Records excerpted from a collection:
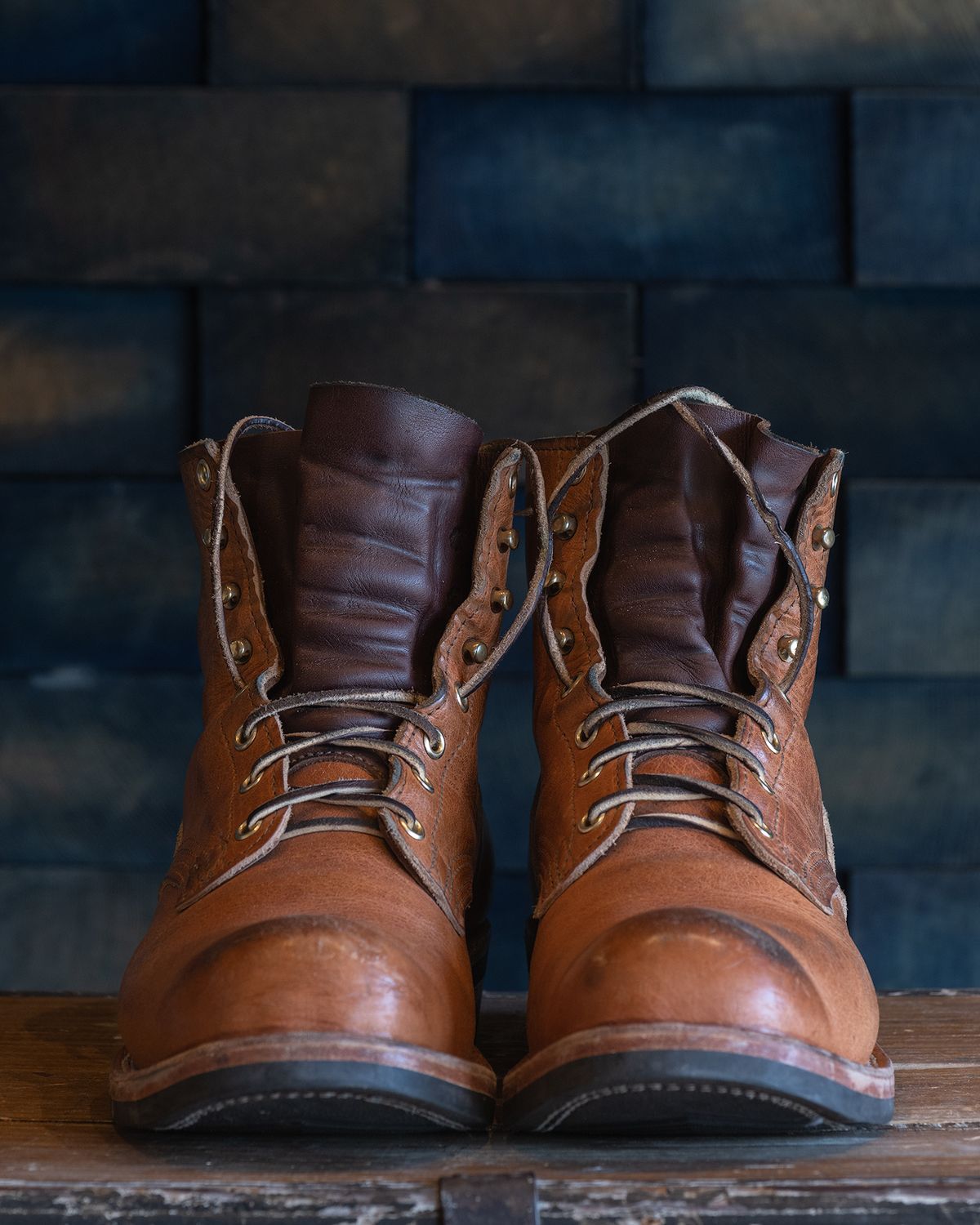 Photo by BigDudeInDenim on December 4, 2022 of the Nicks Prospector in Horween Natural Dublin.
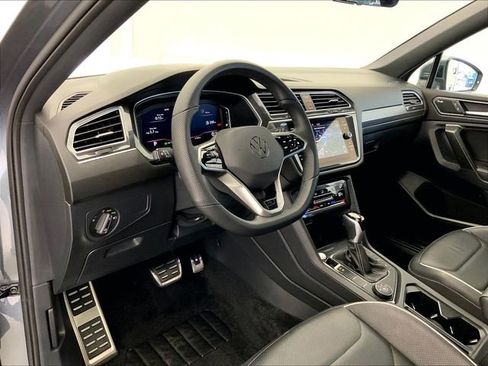 Used 2024 Volkswagen Tiguan SEL R-Line image 14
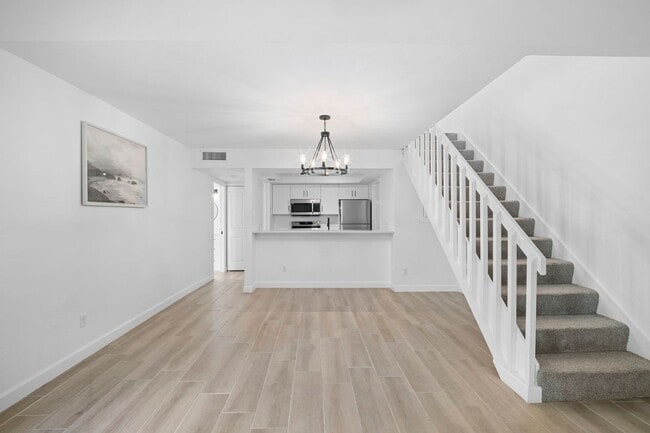 Building Photo - Well-maintained,2 bed 2 bath two-story condo located in Fort Myers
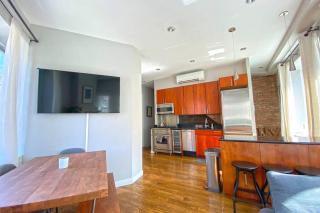 Beautiful 3 Bdrm 2 Bath Private Luxury Townhouse! - 4
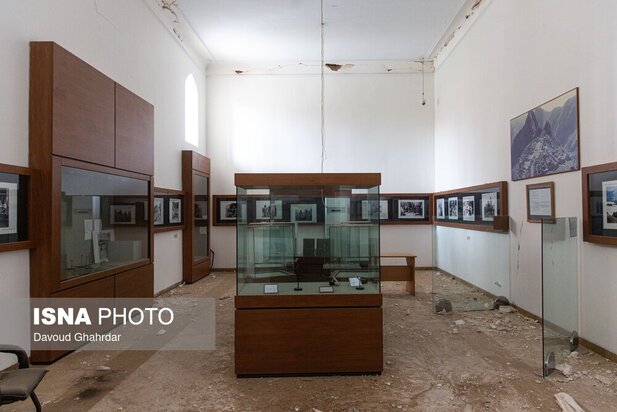 خسارات به کاخ سعدآباد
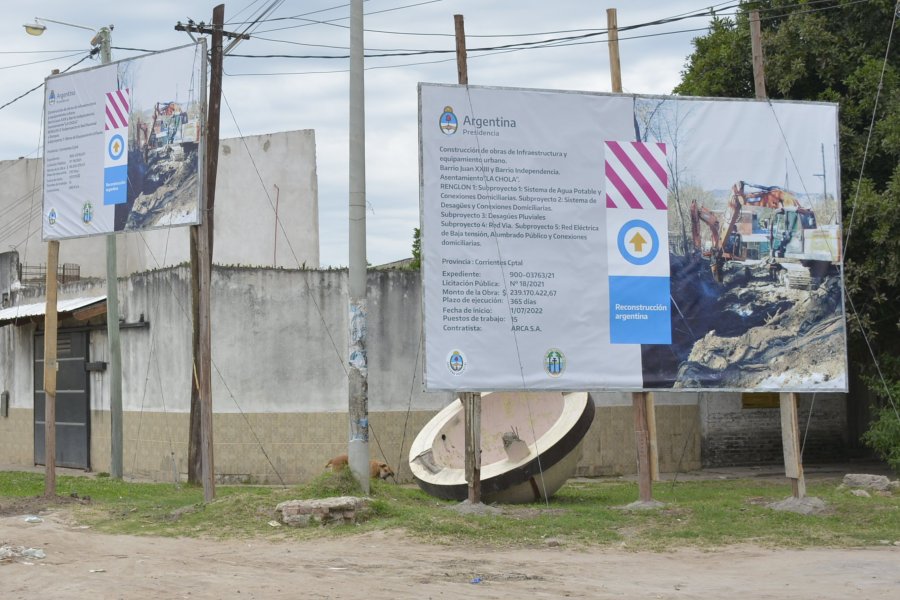 Corrientes: Extraña desaparición de un cartel de obra pública nacional en el asentamiento La Chola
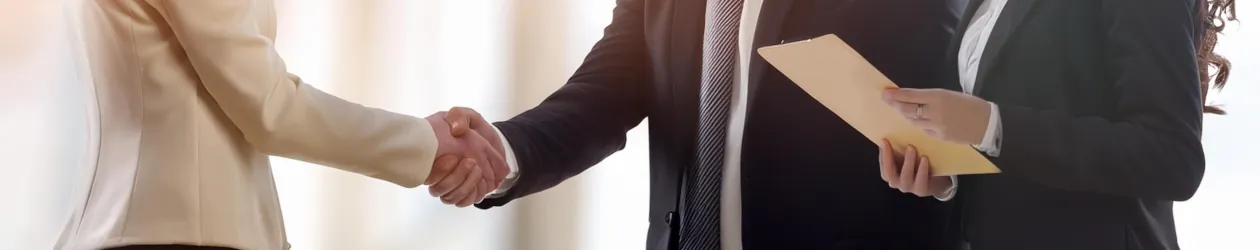 Kredit übertragen – Alles zum Schuldnerwechsel Zwei Menschen schütteln sich die Hände zum Kredit übertragen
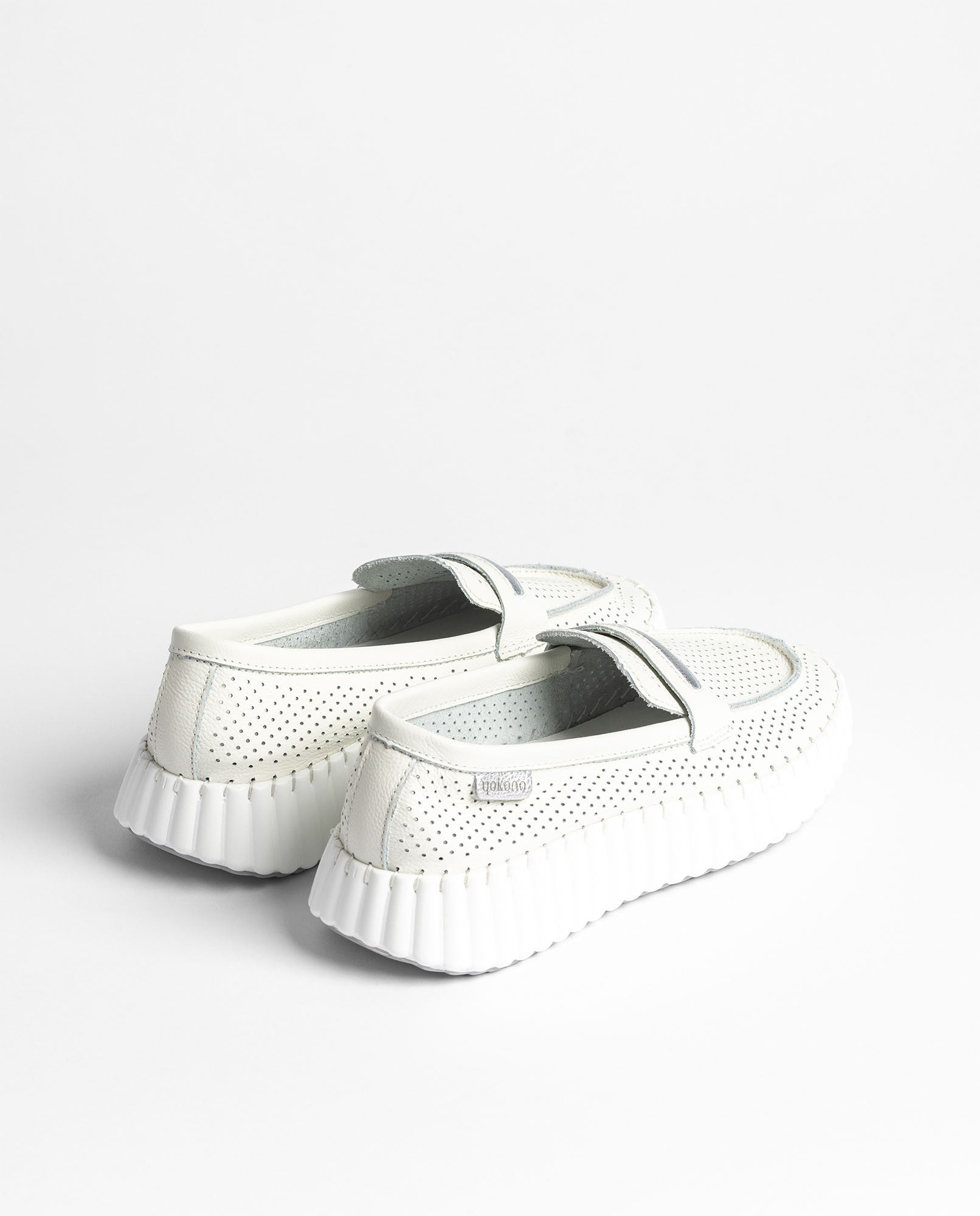 Yokono Vanna-101 sneakers bianche in pelle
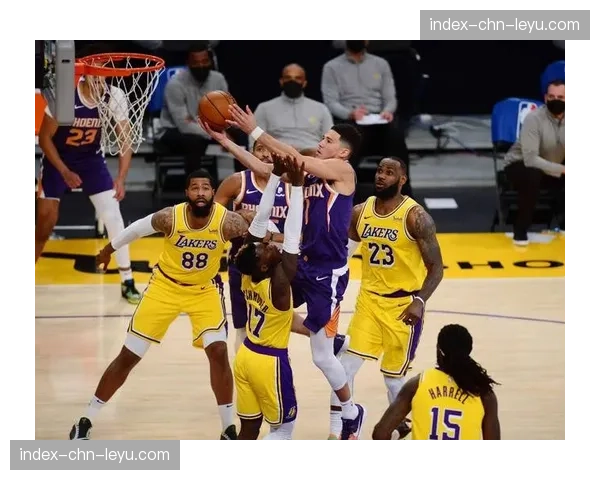 湖人VS太阳半场战罢,数据显示湖人油漆区得分创赛季新低,太阳收缩防线见效 湖人VS太阳半场战罢,数据显示湖人油漆区得分创赛季新低,太阳收缩防线见效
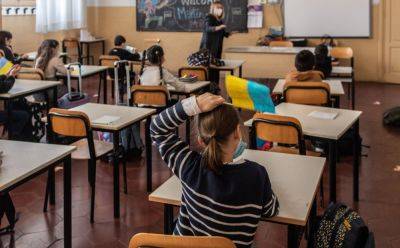 Дети украинских беженцев в школах ЕС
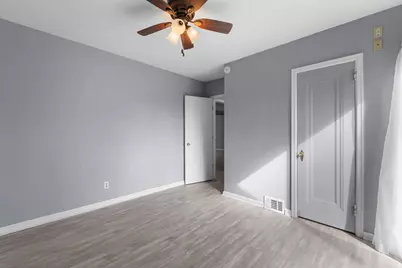 6240 W Broadway Avenue, Brooklyn Park, MN 55428 - Photo 21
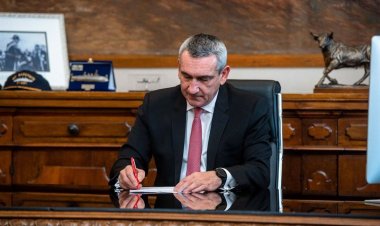 Επίσημο αίτημα Χατζημάρκου για αεροπορική σύνδεση Ρόδου – Σύρου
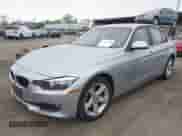 2013 BMW 3 Series 328i xDrive с VIN WBA3B3C58DF536615, выставлен на аукционе IAAI как лот 43551198 с пробегом 94 165 миль миль и . История ставок и продаж доступна на DreamBid. Изображение 17.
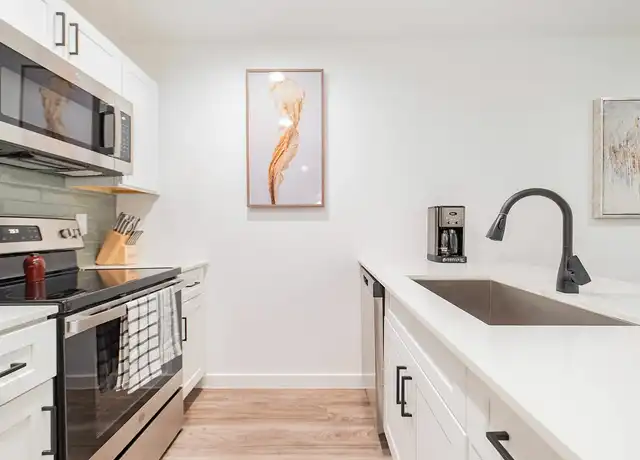 Property at Perrin Flats at Bishop Ridge - 606 N Marsalis Ave, Dallas, TX, 75203, 1 bed, 1 bath, [object Object]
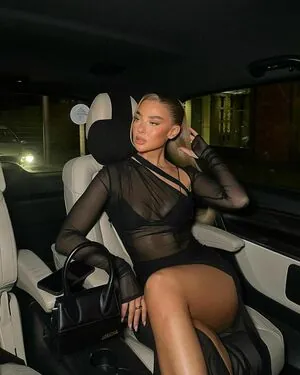 Jess Hunt content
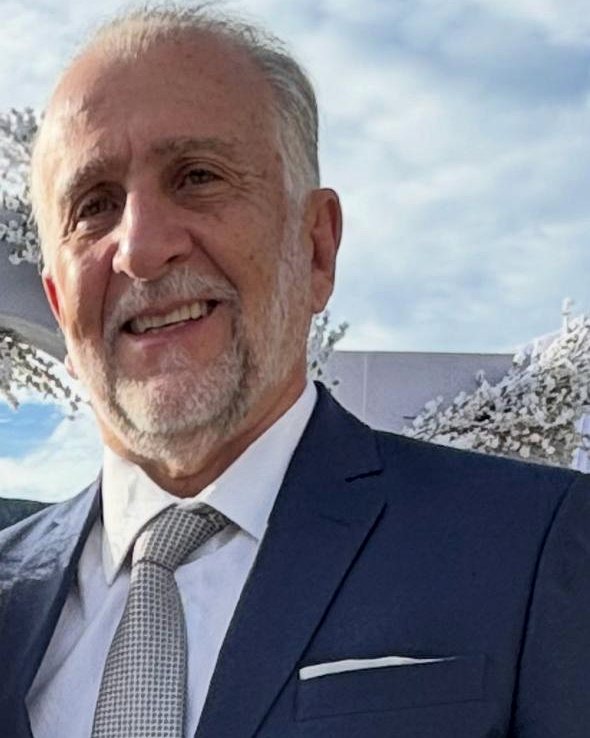 Retrato de Roberto Torquetti, fundador da RB Negócios Imobiliários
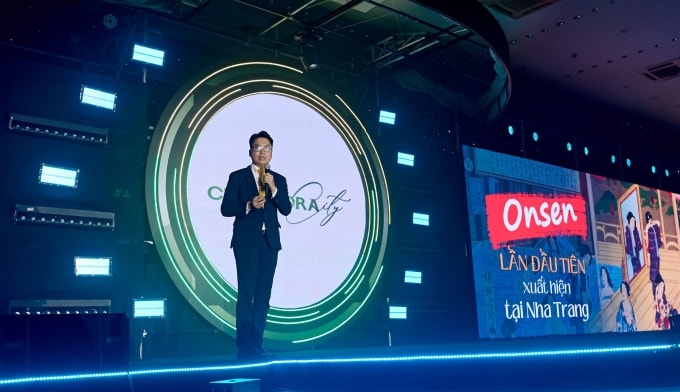 [Đại diện Sun Property chia sẻ thông tin về dự án. Ảnh: Ánh Dương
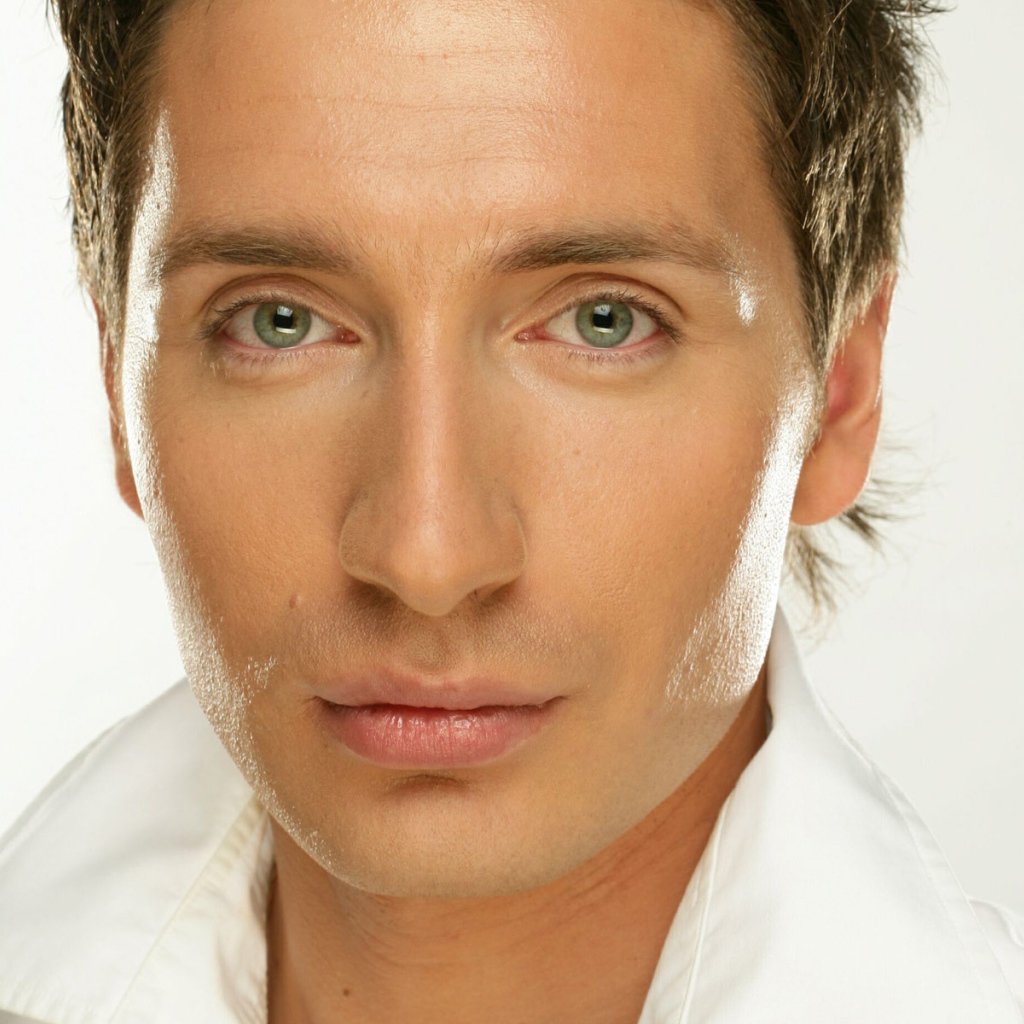 Красивый мужчина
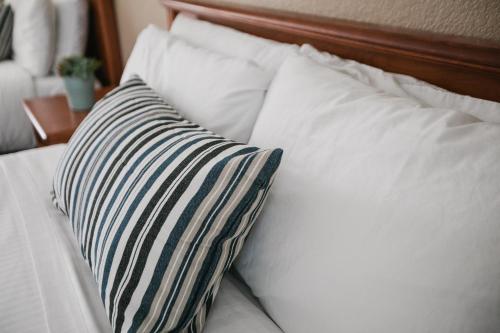 在meiguo.com看到的Inn At Mount Shasta的介绍图片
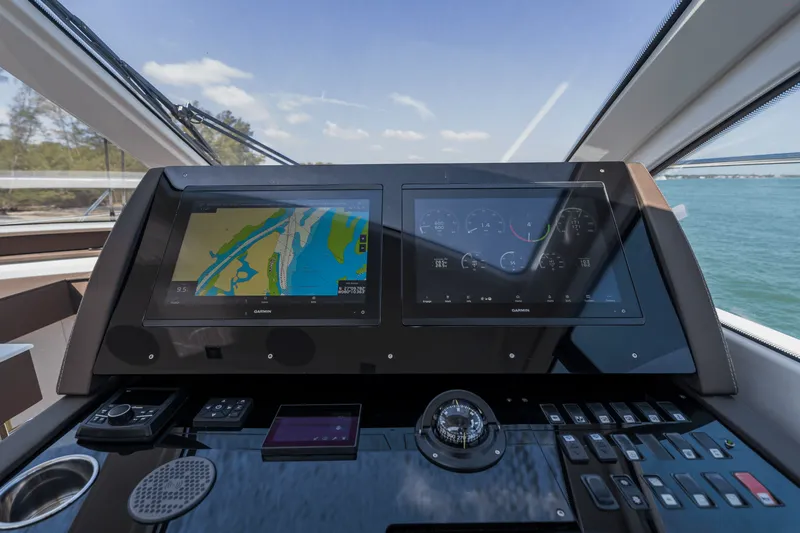 Slide: The Image of Cruisers 50 Cantius 2026 - 111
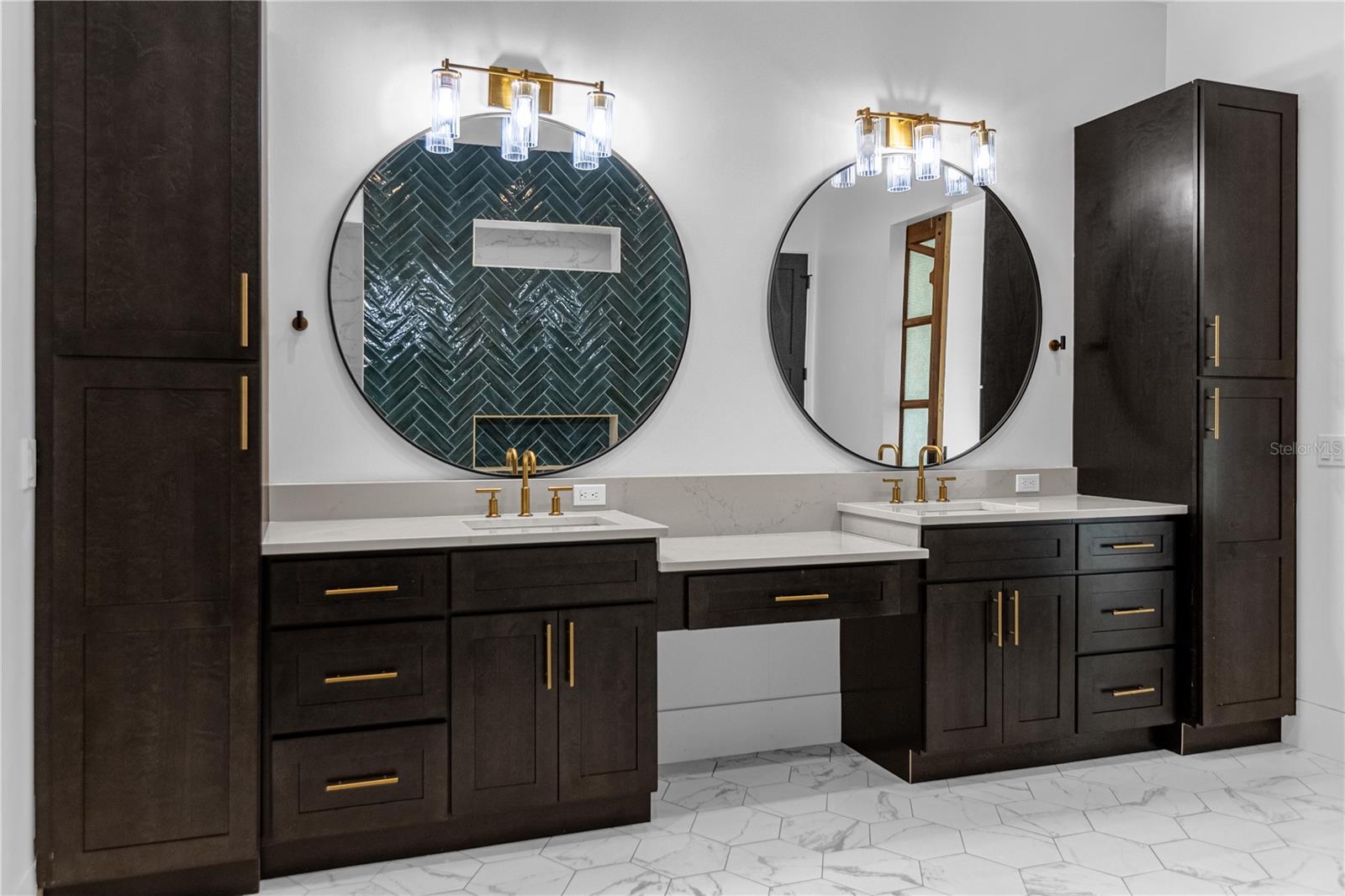 Image 39 of 78 For 1814 Barker Drive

» **TASK DIRECTIONS**: Without any picture, return exactly the lines of the records above from the first through the line that contains "خسارات به کاخ سعدآباد".

» **WRITTEN SOLUTION**:
 Photo by BigDudeInDenim on December 4, 2022 of the Nicks Prospector in Horween Natural Dublin.
 Used 2024 Volkswagen Tiguan SEL R-Line image 14
 Building Photo - Well-maintained,2 bed 2 bath two-story condo located in Fort Myers
 Beautiful 3 Bdrm 2 Bath Private Luxury Townhouse! - 4
 خسارات به کاخ سعدآباد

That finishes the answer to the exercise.